Studying Gabe's reactions, Bucky gave a nod and then brought up his own history with the most popular sites. He scrolled down to family on each and let Gabe look. 

"That's not..." Gabe's mouth dropped open. Each site had a different number of siblings, with different names and ages. Beck was in every one – she'd been very active and had made her own name through the years. But Aunt Stake? Wasn't in most of them. Suddenly some of the papers his students submitted made a lot more sense. They had cited their work, but he hadn't always checked all the references as he apparently should have.

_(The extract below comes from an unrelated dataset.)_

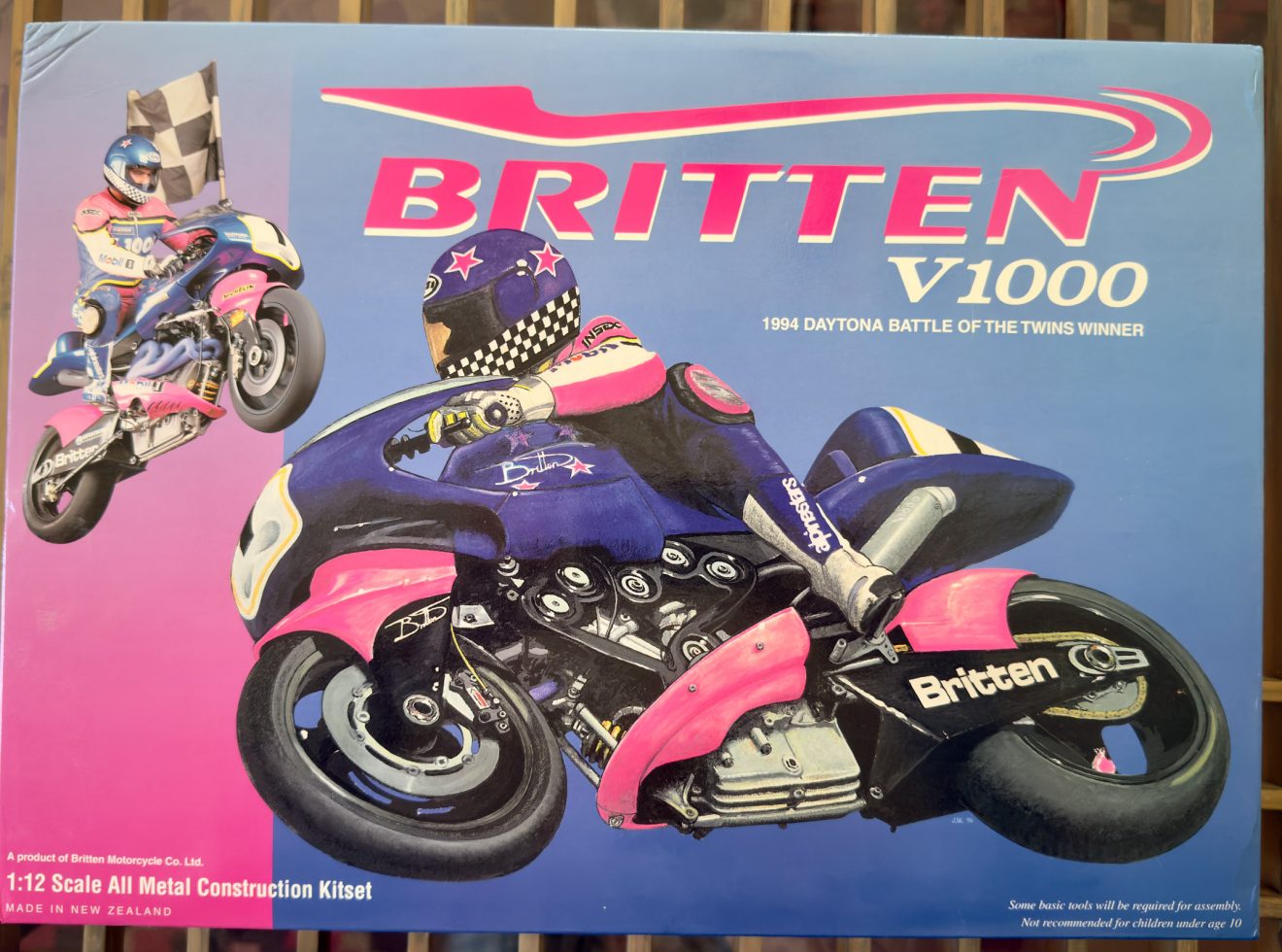 Britten V1000 1:12 Die Cast Model – Iconic Motorbike Auctions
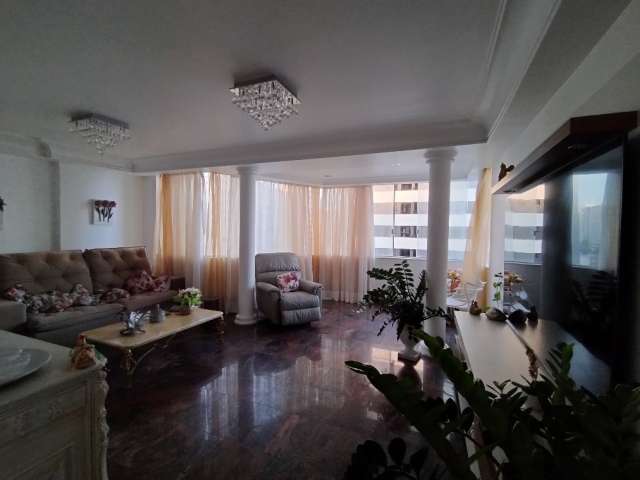 Apartamento excelente à venda, 4/4 e 160M2, suíte,  2 vagas, vista mar elevador, Pituba, Salvador/BA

"I particularly liked this one," Bucky brought up one that had him as a youngster, the Commandos' mascot.

Gabe laughed. "Okay, that one I recognize. That's Aunt Nadine's work – Uncle Jacque's daughter. On my exchange, I spent a couple of years with their family, and they had an original Bucky Bear. She's also an expert infiltrator. The rest of them, I'm not sure... but it's probably family too."

"Keeping everybody safe by not letting the world know about them," Bucky agreed. "Even the paper copies are messed up. You should see how often Wiki gets changed in the edit histories." He shook his head. "I couldn't find them. I wasn't even sure of my memories in the first place, and the records were all over the place, and... I couldn't find them. Not without less legal methods, or asking people I didn't want to ask. I thought..."

Gabe shrugged. "You found a Morita nearby and thought you'd see."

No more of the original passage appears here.